Amazon S3: Encryption options

AWS offers its customers the ability to encrypt the data that is hosted on its platform. There are two kinds of encryption technologies:

  1. Encryption in transit which makes use of Secure Sockets Layer/Transport Layer Security (SSL/TLS), which is a cryptographic protocol that protects Internet communications.
  2. Encryption at rest ensures that data is encrypted as it is committed to disk for long-term storage.

With Encryption at rest, AWS offers various options for encrypting your data as it is stored in your S3 buckets categorised into Server-side encryption | Client-side encryption.

Server-side encryption

Server-side encryption involves encrypting your data before saving it to disk and decrypting it as you access it from disk. AWS handles all the encryption and decryption process for you and here four key options are available:

  1. Server-Side Encryption with Amazon S3 managed keys (SSE-S3) – This is the default option for object-level encryption. AWS has also enforced this encryption method for all new objects uploaded from January 5th, 2023, at no additional cost. This method of encryption uses AES-256-bit encryption, and AWS will create and manage the keys as well as the encryption process. When performing PUT operations, you must set the header to include “x-amz-server-side-encryption”:”AES256”.

  2. Server-Side Encryption with AWS KMS keys (SSE-KMS) – If you require greater flexibility in how your encryption keys are created and managed, you can use the AWS Key Management Service (KMS) to centrally create, edit, monitor, rotate, and delete KMS keys. In addition, with this encryption option, you can restrict who can use the keys as well as maintain an audit log on usage. This helps you fulfil more restrictive compliance policies. Note that to use KMS to encrypt and decrpt your objects, you will also need the kms:GenerateDataKey and the kms:Decrypt permissions respectively. In addition, for PUT operations, you should set the header to include “x-amz-server-side-encryption”:”awskms”.

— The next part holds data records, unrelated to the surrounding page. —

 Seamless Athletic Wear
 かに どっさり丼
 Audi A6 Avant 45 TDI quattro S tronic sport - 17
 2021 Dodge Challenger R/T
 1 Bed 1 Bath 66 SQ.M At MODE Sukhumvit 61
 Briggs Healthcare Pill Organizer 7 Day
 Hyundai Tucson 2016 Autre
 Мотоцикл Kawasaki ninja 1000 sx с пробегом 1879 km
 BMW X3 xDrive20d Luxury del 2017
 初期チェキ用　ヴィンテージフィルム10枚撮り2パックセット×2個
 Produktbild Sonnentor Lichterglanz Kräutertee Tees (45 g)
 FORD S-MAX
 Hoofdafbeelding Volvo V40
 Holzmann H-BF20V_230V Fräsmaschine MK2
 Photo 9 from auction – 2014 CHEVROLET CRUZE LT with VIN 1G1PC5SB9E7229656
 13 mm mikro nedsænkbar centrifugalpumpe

  3. Dual-Layer Server-Side Encryption with AWS KMS keys (DSSE-KMS) – For organizations that require multilayer encryption features, DSSE-KMS offers two layers of objects that are uploaded to an Amazon S3 bucket. Note that the KMS keys must be in the same region as the object when requesting DSSE-KMS. Furthermore, with DSSE-KMS, the S3 checksum that’s part of the object’s metadata is stored in encrypted form. When performing PUT operations, you must ensure that the header includes “s3:x-amz-server-side-encryption”:”aws:kms:dsse”.

  4. Server-Side Encryption with customer-provided keys (SSE-C) – This option enables you to create and manage your own encryption keys, which you then supply to Amazon S3 to perform all encryption and decryption operations for you. The keys are removed from memory after completing the encryption and decryption activity. Furthermore, Amazon S3 uses randomly salted Hash-based Message Authentication Code (HMAC) value of the encryption key (as opposed to retaining it) to verify additional requests. An important point to note is that to use SSE-C, you must use HTTPS since S3 will reject any requests made over HTTP.

Client-side encryption

Client-Side Encryption is where the customer performs the encryption of the objects locally before it is sent to AWS. This option requires the use of the Amazon S3 Encryption Client. This ensures that your unencrypted data is not exposed to AWS in any way and is often used to fulfil additional compliance requirements. If you lose the keys, you also lose access to the data, so the responsibility lies entirely with the customer.

Amazon S3: Lifecycle management

Amazon S3 Lifecycle management allows users to define rules for a group of objects, specifying the actions that Amazon S3 should take. By combining object versioning with S3 Lifecycle, users can optimize their data preservation strategy and reduce storage costs.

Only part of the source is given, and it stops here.